Great, thanks a bunch carlthome for clarifying this :)

But, why do I have 'batch_size ' number of cells? I thought that, if it's an input layer, for a shape of (batch_size, timesteps, input_dim), number of cells is 'input_dim'. While, if it's an intermediate layer, eg defined by model.add(LSTM(x)), number of cells is 'x'. Is this correct?

Thanks again :)

carlthome commented 7 years ago

For each input vector (at any given time step) you get one output vector and one cell state vector. Both the cell state vector and the output vector are used in the next time step together with the next input (for the first time step they are all zeroes). Thus you'll get as many cell states as input vectors in a batch.

Each cell state vector consist of output_dim many values, as does the output vector. The input vector could have fewer (or more) weights because an input-to-hidden matrix multiplication is always performed first, at each time step, before calculating the cell state and output.

aisopos commented 7 years ago

Thanks again carlthome. A follow-up, potentially newbie question, to make sure I understood it right:

Assume a single-layer LSTM as follows: batch size = 100 time steps = 10 inputs = 3 outputs = 2 1 hidden LSTM layer = 6 nodes 1 Dense layer = 2 nodes (= outputs)

...for each time step (1 to 10) we provide an... input_vector[inputs][batch size] = [3][100] -> size is 300

...and we get... output_vector[outputs][batch size] = [2][100] -> size is 200 cell_state_vector[ num of LSTM nodes??? num of outputs nodes??? ][100]

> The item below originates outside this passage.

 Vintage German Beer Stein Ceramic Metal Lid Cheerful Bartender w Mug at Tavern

...which 2 we feed to the next time step, together with a new input_vector correct?

carlthome commented 7 years ago

No. I think you should review the LSTM equations, and watch this before you proceed. Have you studied linear algebra before? If not, I propose you take a course on the subject.

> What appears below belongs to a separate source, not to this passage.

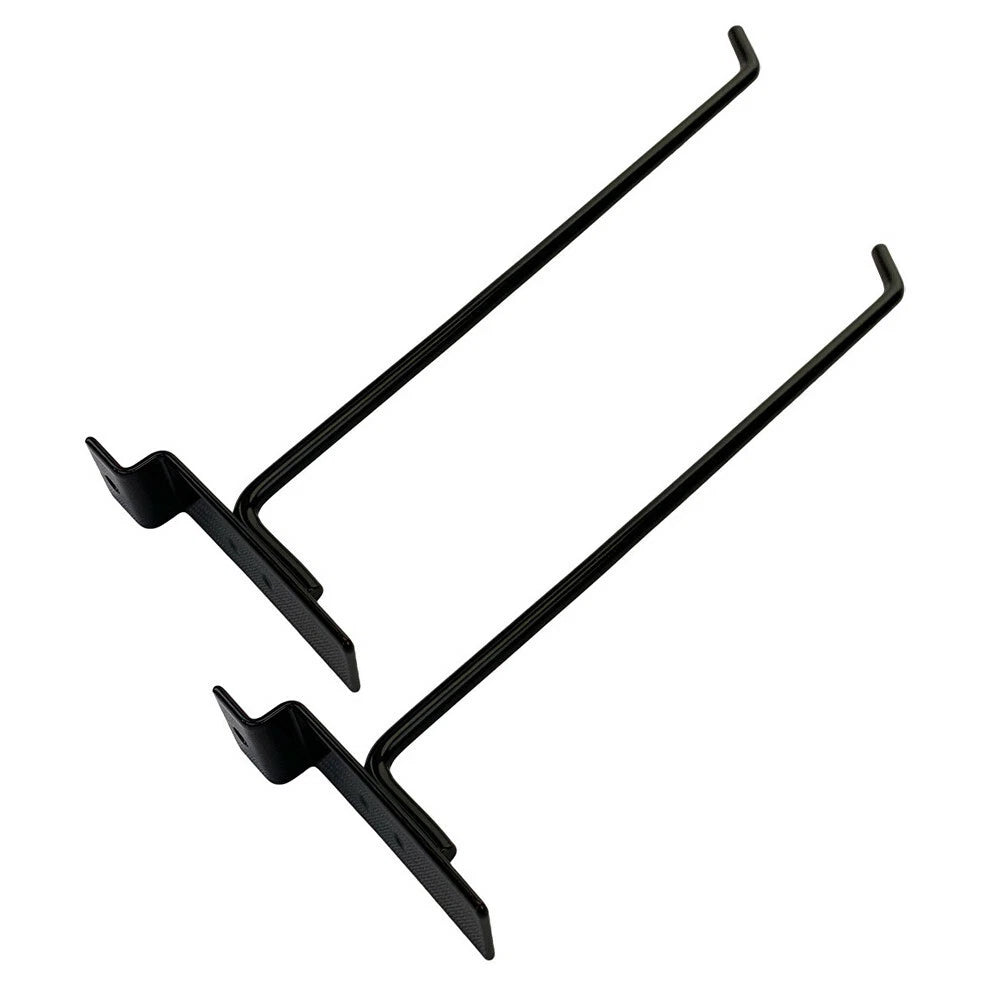 10" Slatwall Hook Panel Display Hooks, 1/4" Thickness Metal, Black -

carlthome commented 7 years ago

I'd also like to add, looking back at my own confusion last year, that most of these graphs are not helpful at all in understanding what's actually happening. It's a lot easier to go by the equations instead.

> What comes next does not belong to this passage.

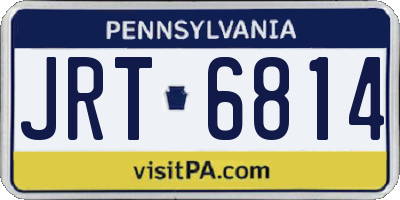 PA license plate JRT6814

aisopos commented 7 years ago

OK, will go through these, thanks again :)

stale[bot] commented 7 years ago

This issue has been automatically marked as stale because it has not had recent activity. It will be closed after 30 days if no further activity occurs, but feel free to re-open a closed issue if needed.

nxthuan512 commented 6 years ago

Hi, I'd like to confirm the draw from @carrasRuf .

I'm also doing with 2-layer LSTM with the Keras code below. L1 and L2 are the number of LSTM units in layer 1 and layer 2, respectively. The number of timesteps and the number of features in each timestep are T and 16, respectively. model = Sequential() model.add(LSTM(L1, return_sequences=True, input_shape=(T, 16))) model.add(LSTM(L2, return_sequences=True)) model.add(TimeDistributed(Dense(1, activation='sigmoid')))

Is the network below equivalent to the code since I am using TimeDistributed model_01

If we define the dimension of input/output is (n_sample, T, 16), the input of each LSTM of layer 1 is (, T, 16) and the input of each LSTM of layer 2 is (, T, L1). Finally, the input of output layer is (, T, L2).

Please let me know if the draw is correct or not. Thanks.

kasuteru commented 5 years ago

Hi, I'd like to confirm the draw from @carrasRuf .

I'm also doing with 2-layer LSTM with the Keras code below. L1 and L2 are the number of LSTM units in layer 1 and layer 2, respectively. The number of timesteps and the number of features in each timestep are T and 16, respectively. model = Sequential() model.add(LSTM(L1, return_sequences=True, input_shape=(T, 16))) model.add(LSTM(L2, return_sequences=True)) model.add(TimeDistributed(Dense(1, activation='sigmoid')))

Is the network below equivalent to the code since I am using TimeDistributed model_01

If we define the dimension of input/output is (n_sample, T, 16), the input of each LSTM of layer 1 is (, T, 16) and the input of each LSTM of layer 2 is (, T, L1). Finally, the input of output layer is (, T, L2).

Please let me know if the draw is correct or not. Thanks.

Were you able to evaluate whether your schema is correct?